The Cottage today is a whole other era — a new evolution different from each of my own stages and phases with it as I’ve described them above. Today, for the one week a year in August that I spend there, The Cottage has become mainly about my own kids — the youngest generation in our Engstrom-Johnson-family-lineage. I’m never there alone like I used to almost always be when I’d be there in my teens and twenties. Now, for me, it has swung back to something resembling what it was for me as a little girl: a family cottage on a beautiful lake where we come together as grandparents and parents and grandchildren for fun in the summer. Now, for one week a year, it is all-action all-the-time. It is all about the kids. It is the motorboat, and it is waterskiing and tubing, it is eating and swimming and kayaking and — re-introduced in 2014, my long-lost-love: yay! sailboating! — and I am truly, deeply, grateful for it all. I’m certain, too, because I know them well, and because I make sure they understand the depths of it, that my own kids are grateful. The 5th generation is grateful. The Cottage has been shared once again. And while so much changes over time, and while each of life’s stages morphs and evolves, the one thing that I know for sure has remained consistent about my experience of The Cottage is my gratefulness.

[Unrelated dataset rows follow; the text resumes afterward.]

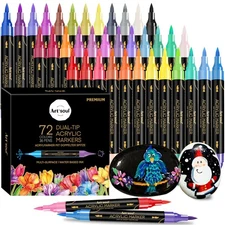 72 Colors Acrylic Paint Pens, 36 Pack Dual Tip Acrylic Paint Pens Markers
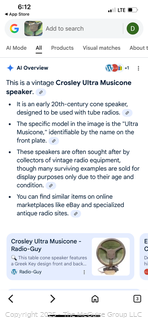 Early 20th C Model 52 Crosley Tube Radio Receiver and Crosley Ultra Musicone Speaker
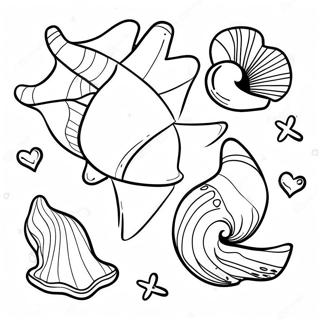 Page De Coloriage De Coquillages Colores Sur La Plage 74138-17510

(for post 2 of 3 click here)

5 Comments

  • Kendall says:

    Thank you so much, Heather, for sharing this history and philosophy of yours. There is so much beauty in them both.

  • Nicola says:

    We have a special place like this, it’s no wi-fi and home-cooked food and a closet full of wetsuits and love.

    I just called my mum to thank her for making it our special place, thanks for the reminder Heather.

  • Ani says:

    Thank you for sharing a bit of your history with us. Out of all your travel posts (and really, I enjoy them ALL!), I think the NH ones are my favorite – it really embodies everything a true FAMILY vacation should be.
    Happy fall!

  • Beth says:

    Beautiful, Heather.
    And I burst out laughing at the pictures of the 4-person raft! So much fun!

  • Kate says:

    Wonderful post Heather – really poignant and thank you for sharing your individual trajectory, the history and significance of this cottage publicly here- a wonderful record to have for yourself and your family.